**Task input**:
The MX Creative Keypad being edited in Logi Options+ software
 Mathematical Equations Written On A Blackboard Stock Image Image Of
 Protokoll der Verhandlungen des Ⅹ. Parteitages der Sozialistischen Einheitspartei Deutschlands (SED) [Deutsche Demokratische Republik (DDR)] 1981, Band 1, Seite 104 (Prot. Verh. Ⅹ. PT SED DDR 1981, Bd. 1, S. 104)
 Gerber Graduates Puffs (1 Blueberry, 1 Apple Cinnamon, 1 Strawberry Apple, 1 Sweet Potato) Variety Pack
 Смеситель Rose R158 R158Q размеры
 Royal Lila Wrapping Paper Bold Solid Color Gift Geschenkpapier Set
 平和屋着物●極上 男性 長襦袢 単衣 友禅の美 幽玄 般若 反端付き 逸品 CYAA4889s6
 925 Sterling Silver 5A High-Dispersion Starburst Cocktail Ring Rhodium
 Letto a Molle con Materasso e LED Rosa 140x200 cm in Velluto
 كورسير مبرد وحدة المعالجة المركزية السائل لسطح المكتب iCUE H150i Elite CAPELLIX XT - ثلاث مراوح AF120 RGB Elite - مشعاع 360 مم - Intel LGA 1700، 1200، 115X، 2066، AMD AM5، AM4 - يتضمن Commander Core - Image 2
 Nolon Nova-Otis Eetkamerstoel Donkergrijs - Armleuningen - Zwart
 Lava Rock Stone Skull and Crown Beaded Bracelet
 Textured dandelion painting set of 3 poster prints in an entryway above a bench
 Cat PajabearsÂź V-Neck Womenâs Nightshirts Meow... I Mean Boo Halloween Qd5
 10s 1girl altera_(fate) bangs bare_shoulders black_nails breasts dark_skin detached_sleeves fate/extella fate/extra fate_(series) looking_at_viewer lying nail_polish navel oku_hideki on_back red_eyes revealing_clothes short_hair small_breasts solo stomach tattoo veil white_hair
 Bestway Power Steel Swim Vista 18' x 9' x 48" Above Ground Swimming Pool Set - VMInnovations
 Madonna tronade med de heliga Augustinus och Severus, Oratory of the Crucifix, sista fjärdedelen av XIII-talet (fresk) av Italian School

**Required work**:
Please return, exactly as written, the line containing "平和屋着物●極上 男性 長襦袢" and every line after it through the end of the records above, and nothing else.

**Result of this task**:
 平和屋着物●極上 男性 長襦袢 単衣 友禅の美 幽玄 般若 反端付き 逸品 CYAA4889s6
 925 Sterling Silver 5A High-Dispersion Starburst Cocktail Ring Rhodium
 Letto a Molle con Materasso e LED Rosa 140x200 cm in Velluto
 كورسير مبرد وحدة المعالجة المركزية السائل لسطح المكتب iCUE H150i Elite CAPELLIX XT - ثلاث مراوح AF120 RGB Elite - مشعاع 360 مم - Intel LGA 1700، 1200، 115X، 2066، AMD AM5، AM4 - يتضمن Commander Core - Image 2
 Nolon Nova-Otis Eetkamerstoel Donkergrijs - Armleuningen - Zwart
 Lava Rock Stone Skull and Crown Beaded Bracelet
 Textured dandelion painting set of 3 poster prints in an entryway above a bench
 Cat PajabearsÂź V-Neck Womenâs Nightshirts Meow... I Mean Boo Halloween Qd5
 10s 1girl altera_(fate) bangs bare_shoulders black_nails breasts dark_skin detached_sleeves fate/extella fate/extra fate_(series) looking_at_viewer lying nail_polish navel oku_hideki on_back red_eyes revealing_clothes short_hair small_breasts solo stomach tattoo veil white_hair
 Bestway Power Steel Swim Vista 18' x 9' x 48" Above Ground Swimming Pool Set - VMInnovations
 Madonna tronade med de heliga Augustinus och Severus, Oratory of the Crucifix, sista fjärdedelen av XIII-talet (fresk) av Italian School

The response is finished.